§ **EXERCISE**
All lines below starting at the one that holds "bộ này thiếu" and ending at the one that holds "720 E Creekside Drive, Belfair, WA 98528" should be printed exactly, ends included. Pictures should not be printed, nor anything else.

§ **DATA**
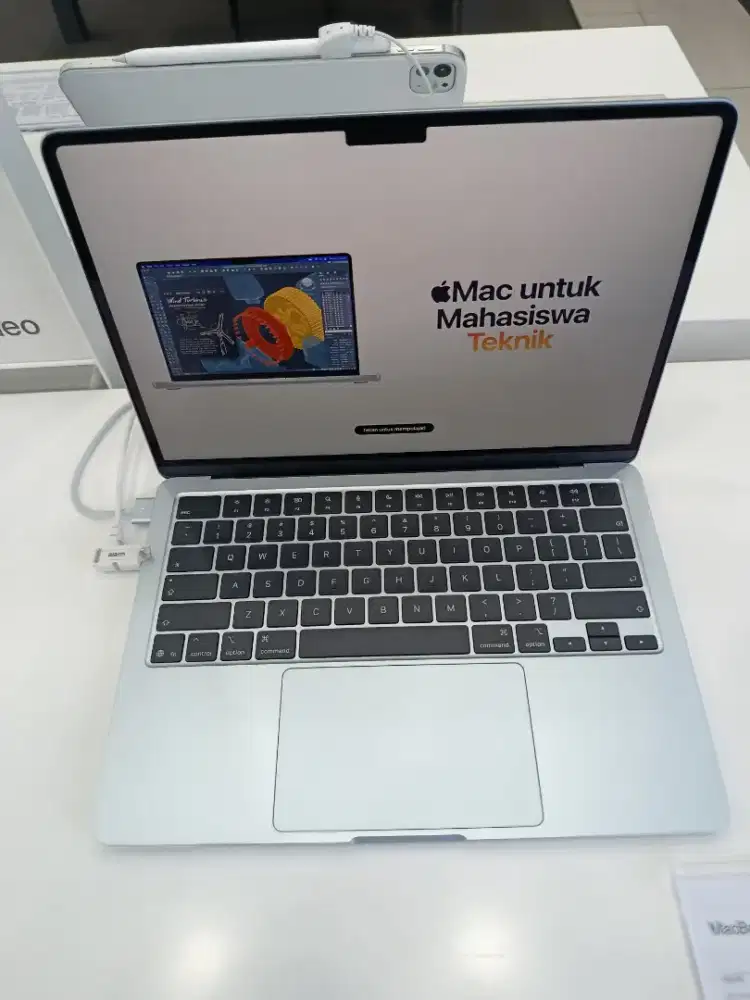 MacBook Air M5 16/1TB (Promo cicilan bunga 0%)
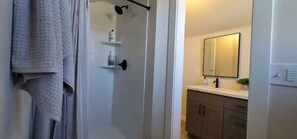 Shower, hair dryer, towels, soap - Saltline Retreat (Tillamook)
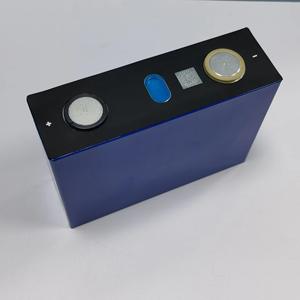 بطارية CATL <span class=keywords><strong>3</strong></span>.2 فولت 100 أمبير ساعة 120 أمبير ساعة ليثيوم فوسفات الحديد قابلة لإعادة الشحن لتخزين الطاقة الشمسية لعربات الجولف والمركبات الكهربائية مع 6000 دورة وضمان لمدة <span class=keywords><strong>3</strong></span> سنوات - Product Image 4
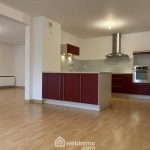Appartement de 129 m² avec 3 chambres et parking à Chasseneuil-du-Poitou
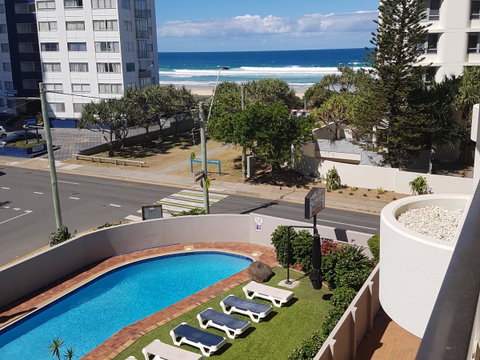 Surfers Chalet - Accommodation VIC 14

...

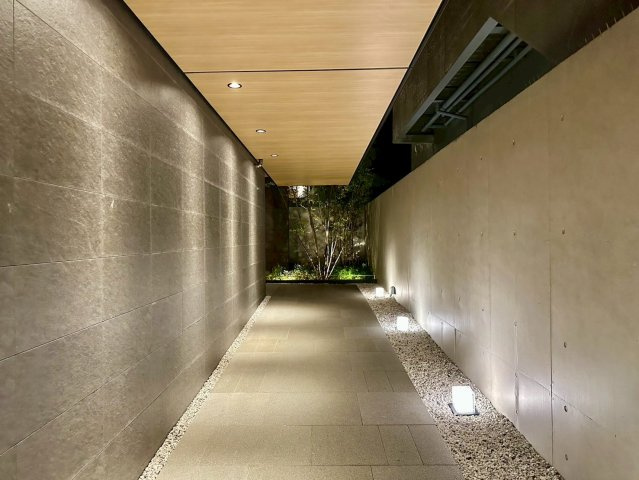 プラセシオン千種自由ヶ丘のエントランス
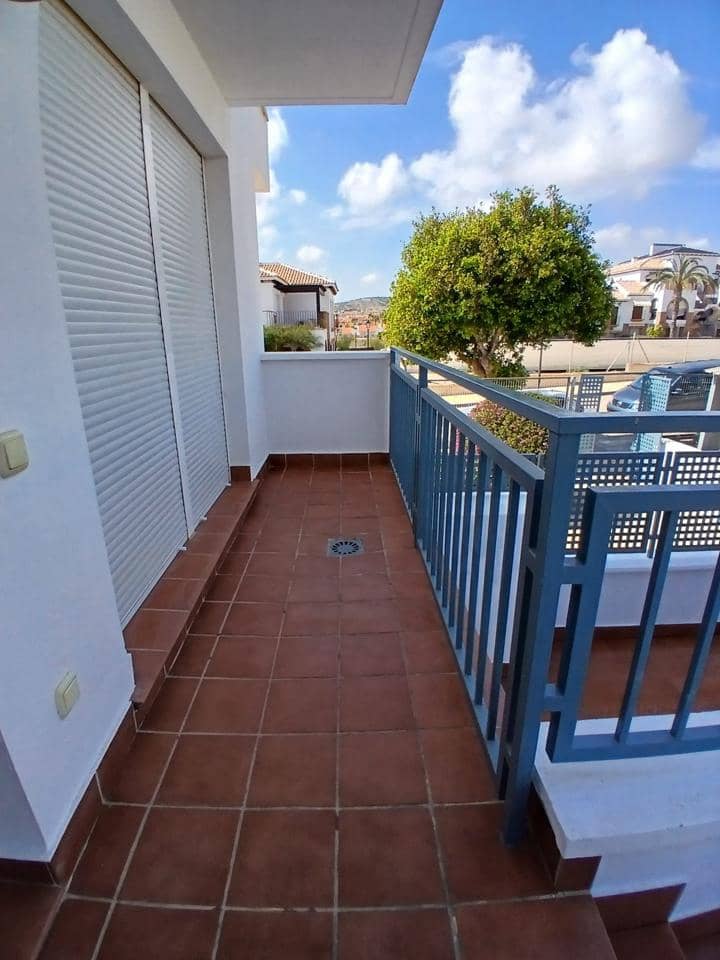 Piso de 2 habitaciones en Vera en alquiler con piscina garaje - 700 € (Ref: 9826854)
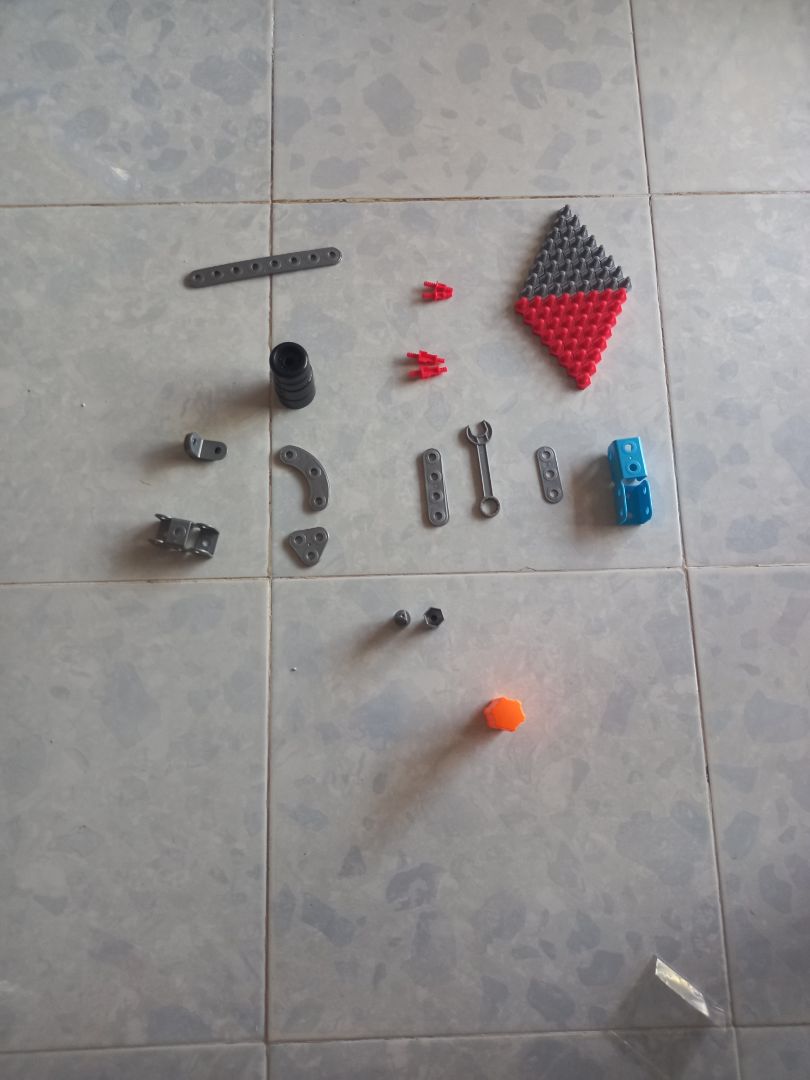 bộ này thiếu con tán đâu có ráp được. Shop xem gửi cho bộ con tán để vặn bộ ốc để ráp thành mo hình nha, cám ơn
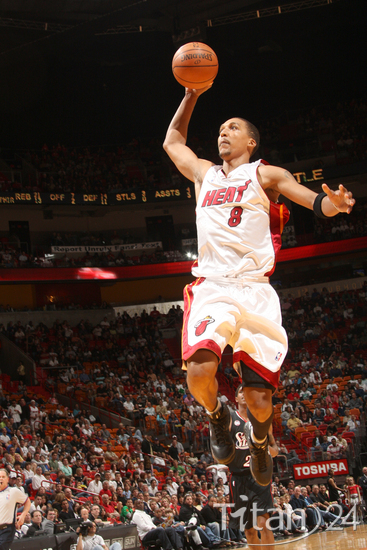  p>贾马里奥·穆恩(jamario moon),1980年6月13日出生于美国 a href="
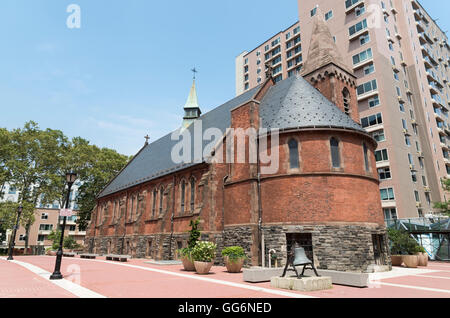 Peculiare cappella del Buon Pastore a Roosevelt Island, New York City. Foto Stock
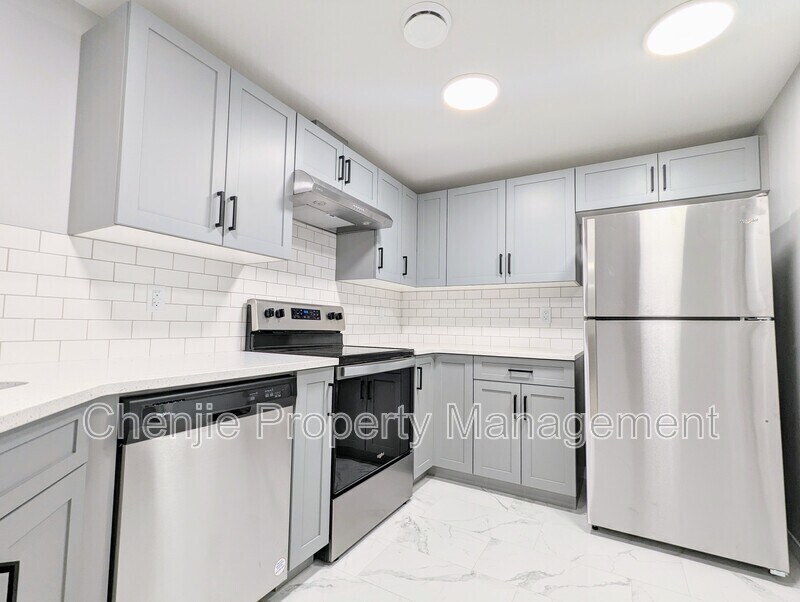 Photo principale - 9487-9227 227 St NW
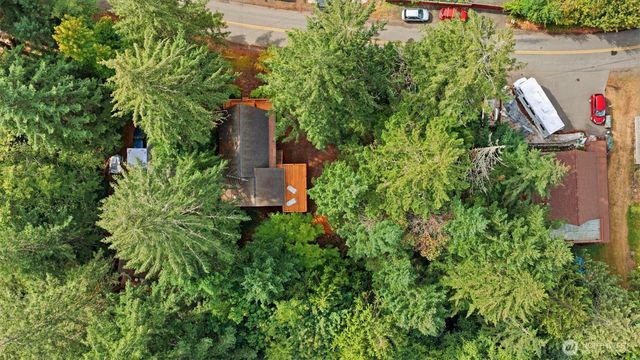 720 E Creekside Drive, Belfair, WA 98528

§ **ANSWER**
 bộ này thiếu con tán đâu có ráp được. Shop xem gửi cho bộ con tán để vặn bộ ốc để ráp thành mo hình nha, cám ơn
  p>贾马里奥·穆恩(jamario moon),1980年6月13日出生于美国 a href="
 Peculiare cappella del Buon Pastore a Roosevelt Island, New York City. Foto Stock
 Photo principale - 9487-9227 227 St NW
 720 E Creekside Drive, Belfair, WA 98528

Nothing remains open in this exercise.